Decía Cervantes que el oficio de las letras da más infortunios que alegrías; en algo tenía razón seguramente. Pero no hay duda que es una de las fuentes de felicidad, como lo es el amor, como lo es el mar, como los son los perros, las flores y ciertos atardeceres que presagian la titilante infinitud de las noches. Gracias a la literatura tuve el privilegio de conocer a Susana Cabrera, escritora, amiga y símbolo de un gesto cultural que conforma parte de lo más sincero y noble de nuestro patrimonio nacional.

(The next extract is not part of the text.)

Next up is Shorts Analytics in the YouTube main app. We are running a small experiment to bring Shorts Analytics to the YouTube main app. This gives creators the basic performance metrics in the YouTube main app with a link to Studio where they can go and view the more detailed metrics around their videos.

Le debo a Marta Montaner –a cuya memoria rindo homenaje– y a su hermana Susana haberme puesto en contacto con esta escritora que supo levantar desde la inmediatez de su imantado entorno de historias y misterios de Tacuarembó aquello de universal y de inmortal que hay en los paisajes, en las palabras y recuerdos de personas y hechos de un mundo que de otro modo hubieran sido atravesados por la indiferencia o el olvido. Susana convirtió en certera literatura la historia que no debió perderse, reconstruyó con la cercanía de la fábula lo que José Hernández llama las cosas del tiempo, ese perderse fecundo en los encuentros que el corazón y la curiosidad y la conciencia van tejiendo para dotar de sentido y continuidad los pasados reales y posibles con los que se forjan la identidad de los pueblos.

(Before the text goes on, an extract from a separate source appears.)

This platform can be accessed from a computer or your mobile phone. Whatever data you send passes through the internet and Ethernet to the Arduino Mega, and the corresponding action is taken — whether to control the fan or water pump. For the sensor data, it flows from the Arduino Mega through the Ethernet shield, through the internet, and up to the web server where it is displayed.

Susana honró con su bonhomía, con sus aportes precisos y originales, con su cálido y fresco sentido del humor, varios de mis cursos. La recuerdo indignada ante la vehemente y fatal obstinación del rey Lear despreciando a su hija más amada y más fiel, divertida con las réplicas veloces e ingeniosas de la Beatriz de “Mucho ruido y pocas nueces”, asombrada ante el control de las referencias hipertextuales de Virginia Woolf en “Orlando”, sonriente siempre y fascinada al tratar con las íntimas analogías entre “El Aleph” y el canto último de la Comedia de Dante.
Cuando publicó su excelente obra que tiene como centro a Gardel y como base la hipótesis de la filiación uruguaya y concretamente de Tacuarembó, me la regaló con las siguientes palabras: “Ya sé que para vos es francés, pero probá a escucharlo desde aquí”. Realmente me conmovió. Semanas más tarde, en el curso de Historia de la Música (ese año tocaba la música vocal), ya nos encontrábamos recorriendo las incidencias del canto llano, el trabajo sobre la polifonía en la escuela de Notre Dame, Monteverdi, Doménico Scarlatti, Haendel con sus exigencias de registro. Avanzar por las varias épocas y estilos en la apreciación de las formas vocales nos trajo previsiblemente al siglo XX y anuncié que iba a presentar voces de cantantes populares, no de bel canto. Todavía me parece verla cierta inclemente tarde de julio, sirviéndose un café y levantando las cejas con esa provocativa sonrisa con la que se anticipaba a los mejores encuentros y que era la delicia de todos los asistentes: “Supongo que en el repertorio no faltará el jazz, el tango, la canción francesa…”. La broma era casi privada; le respondí: “Sí, en la chanson française incluyo a Jean Sablon, Charles Trenet, Maurice Chevalier, George Brassens, Yves Montand… y a Charles Romuald Gardes…”. Y con esa velocidad de la inteligencia que todo lo ve y todo lo sintetiza en un instante, me replicó: “Qué buena idea, me parece muy interesante; pero cuando te toque el capítulo uruguayo no te olvides de Gardel, porque eso de dar una clase de historia de la voz y dejar a Gardel afuera es toda una injusticia, ¿no te parece?”.
Así era Susana. Nunca dejaré de agradecer su amistad.